Listed in: Philosophy, as PHIL-470
Rafeeq Hasan (Section 01)
Open most newspapers today and you will find statistics like the following: in the contemporary United States the share of wealth owned by the top 0.1% is almost the same as the bottom 90%. The six heirs to the Walmart fortune have more assets than the bottom 42% of all Americans combined. Moreover, the popular press has seen a recent spate of books on economic inequality written by economists, politicians, and public intellectuals.
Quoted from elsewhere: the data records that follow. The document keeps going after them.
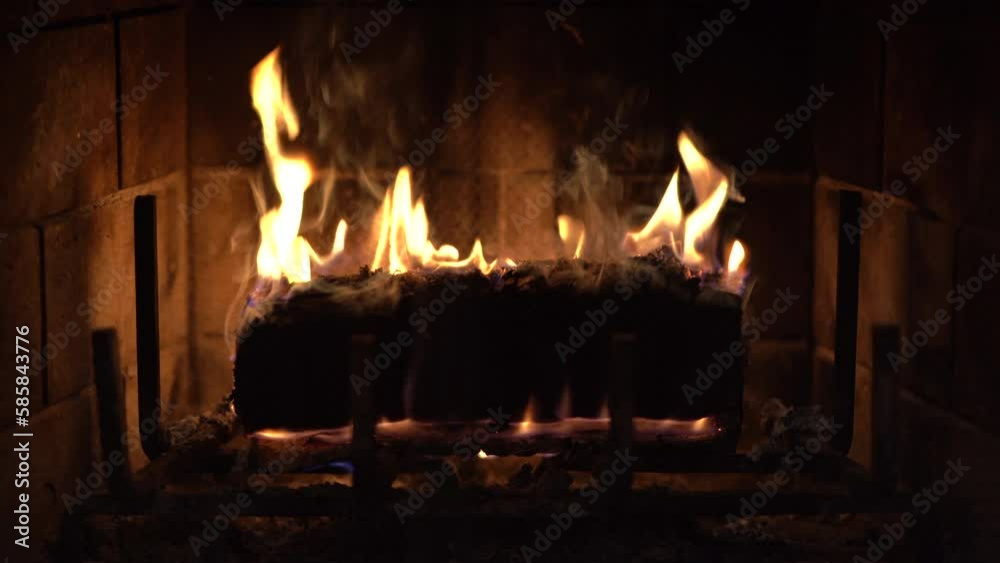 Cozy Fireplace with wax log close up Cozy Fireplace with wax log close up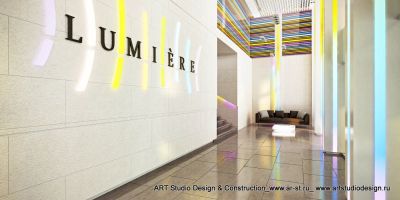 Отделка холла в жилом комплексе Lumiere
Изначально мы предложили использовать в отделке холла почти чисто белый керамогранит. Впрочем, позже от этого решения пришлось отказаться в пользу более практичного. Также яркие аксессуары и мебель были заменены на более простые по форме и спокойные по цвету. Впрочем, это ничуть не повредило общему решению холла. 
Keywords: дизайн-проект от ART Studio Design & Construction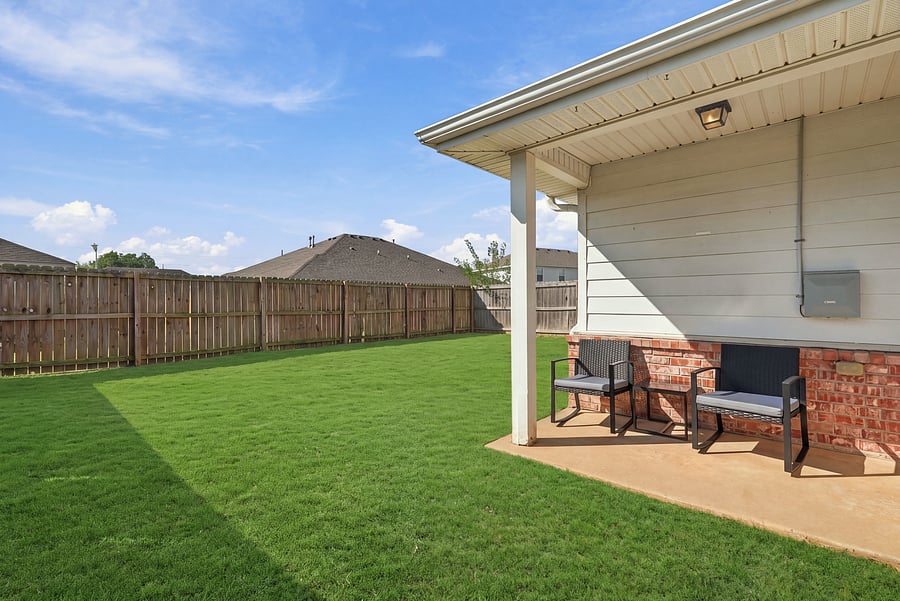 Sitting area in private, fenced back yard.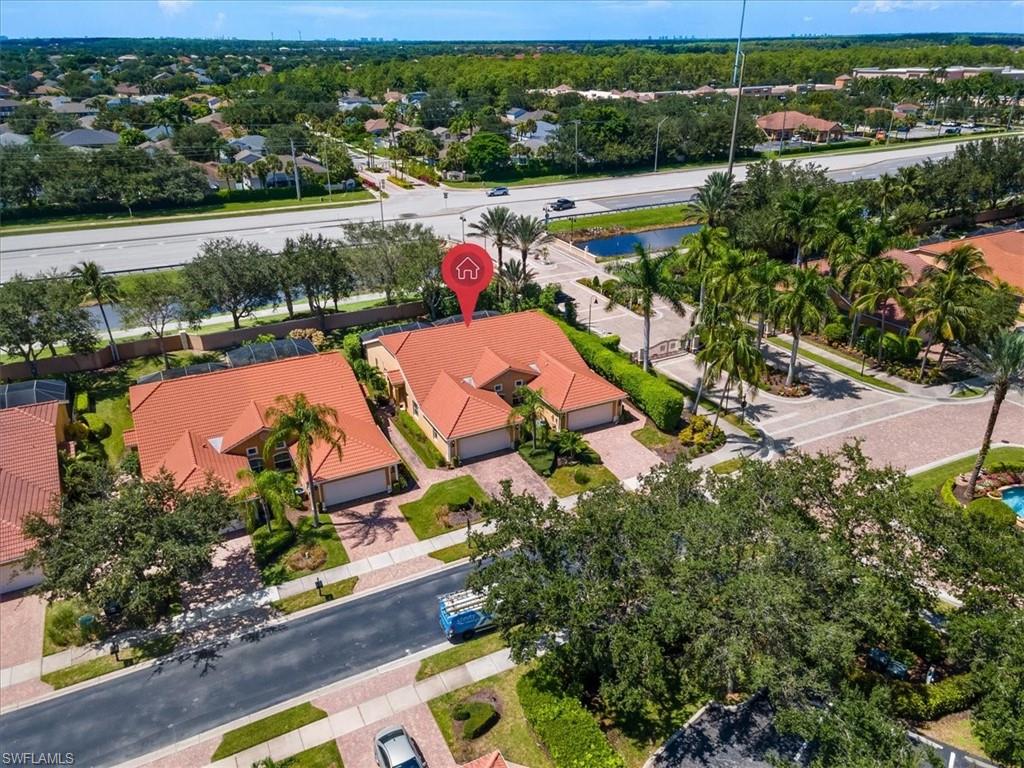 15073 Cortona Way Naples, FL 34120 - Photo 24 of 35 an aerial view of tennis court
Many of these titles—e.g., The Price of Inequality, Inequality: What Can Be Done?, and The Great Divide: Unequal Societies and What We Can Do About Them—suggest that there is something morally problematic about a society in which certain individuals own so much more than others. But is this problematic, and, if so, why? And if too much inequality is morally bad, what vision of equality ought we to strive for?
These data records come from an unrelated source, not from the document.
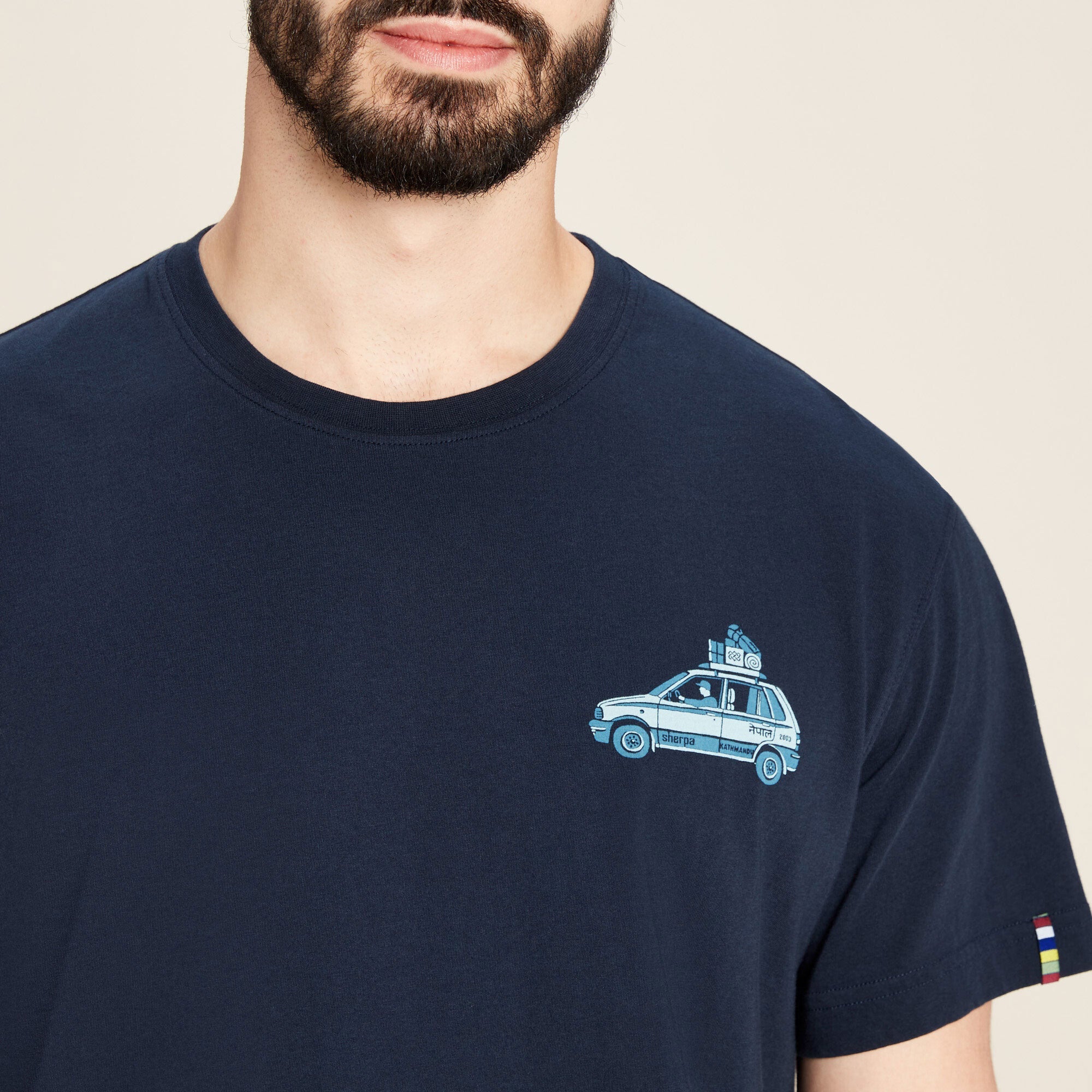 Close-up detail shot of the upper chest area of the Sherpa Adventure Gear Parsa T-Shirt in Blue, highlighting the small car graphic in light blue. The graphic depicts a vehicle loaded with luggage on the roof, with the word "Sherpa" underneath. The image also shows the t-shirt's ribbed neckline and soft fabric texture. A small woven trim with the Sherpa prayer flag colors is sewn into the left sleeve hem.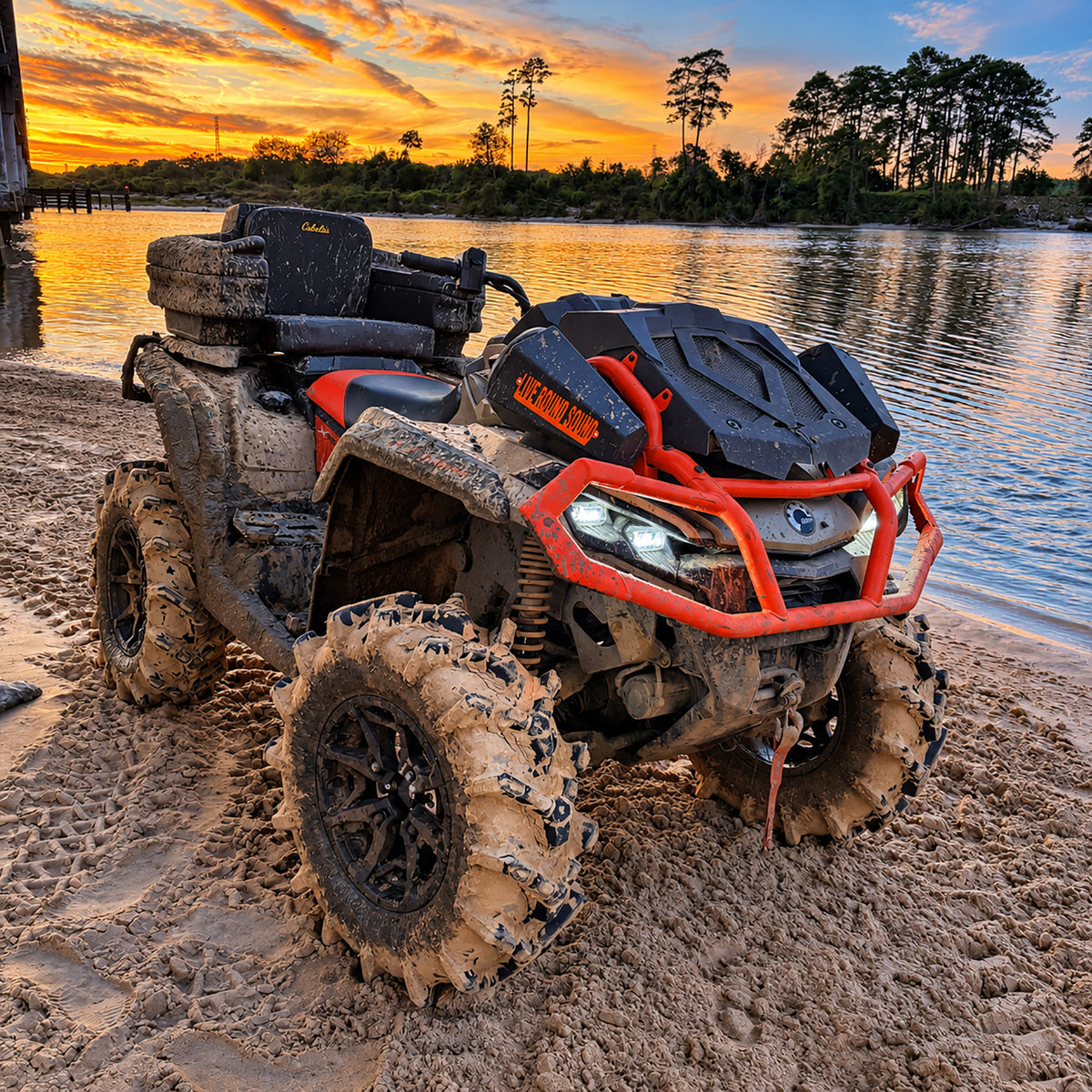Can-Am Outlander X MR 1000R with PERFEX 2-inch lift kit, mud tires and increased ground clearance at an off-road riding area.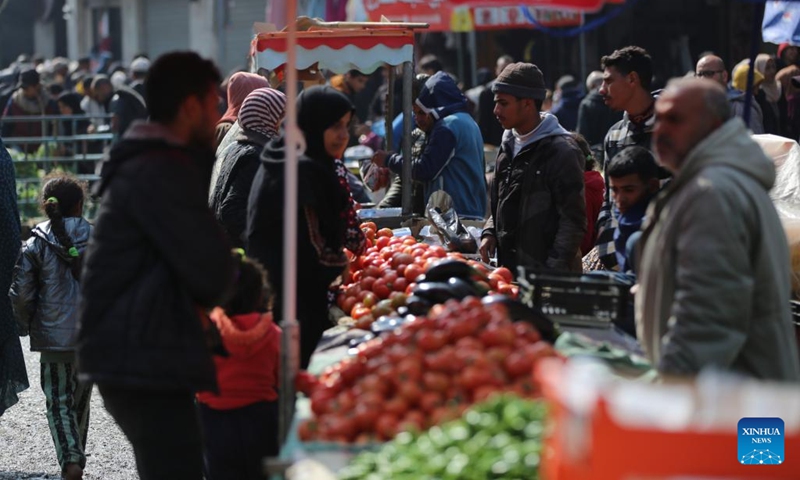 People shop at a market in central Gaza Strip city of Deir el-Balah, Feb. 19, 2024.(Photo: Xinhua)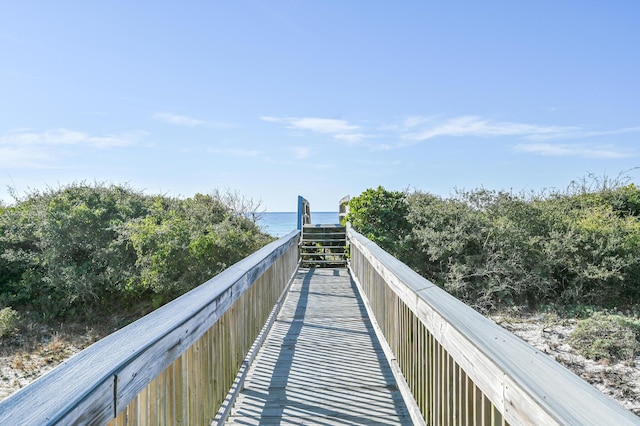 surrounding community featuring a water view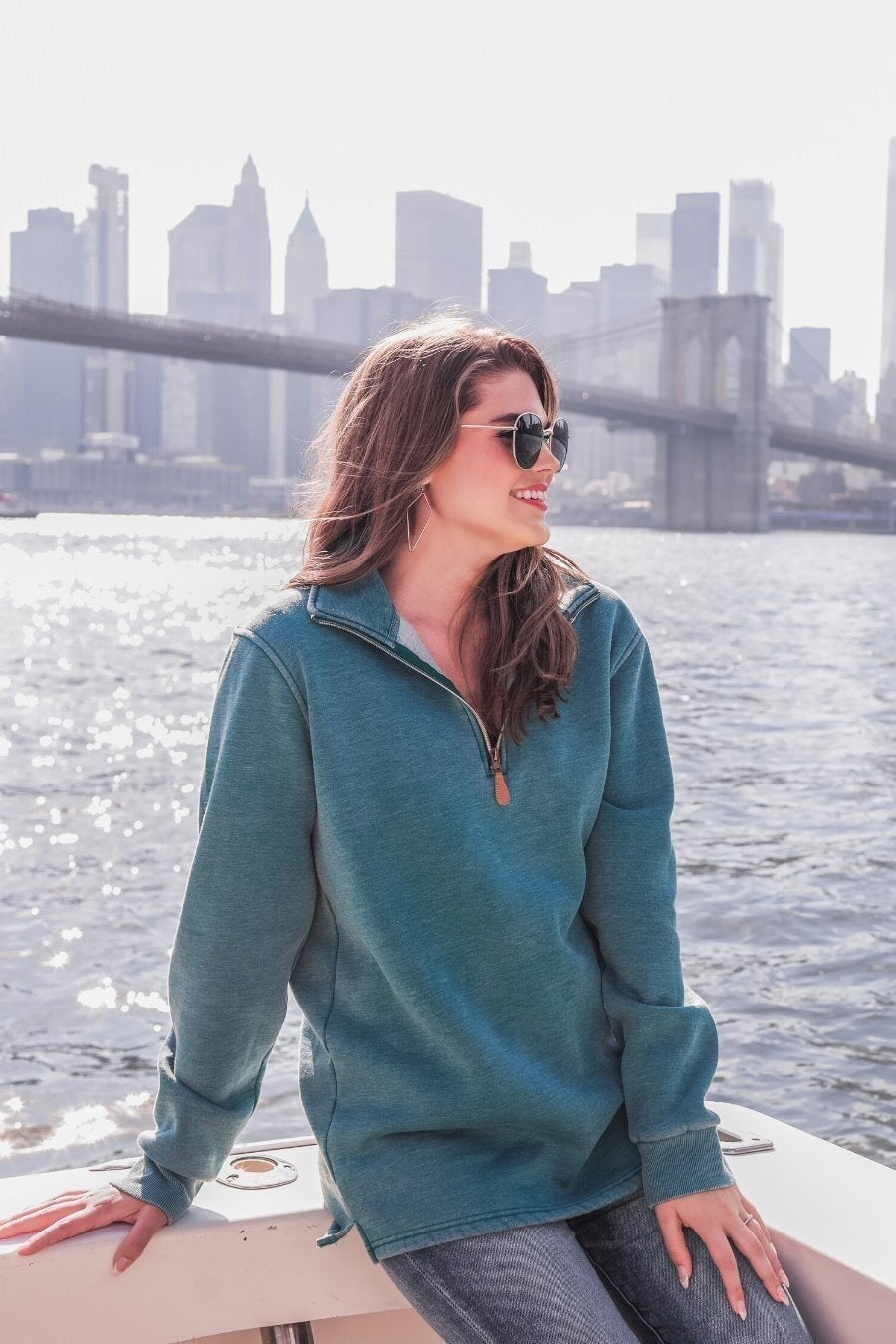 long sleeve pullover crafted from vintage wash fabric with a foldable collar, side slits, and a quarter zip in teal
After beginning with Rousseau’s Discourse on the Origin of Inequality, a historical text that helps create the topic of wealth disparity as a meaningful subject of moral evaluation, we will investigate John Rawls’s “Difference Principle,” which is the demanding criterion that a just society redistribute wealth so as to promote the well-being of the worst off; Luck Egalitarianism, which is the view that unjust inequalities are those that stem from undeserved bad luck but not from our own bad choices; and feminist interrogations of inequality in the family. We will also consider critics who maintain that it is not inequality per se that ought to worry us, but rather absolute levels of deprivation. For these critics, it does not matter that some have more than others, just as long as everyone has enough.
Requisite: Two courses in Philosophy or consent of the instructor. Limited to 15 students. Fall semester. Professor Hasan.
If Overenrolled: Priority will be given to majors, seniors, then juniors, etc.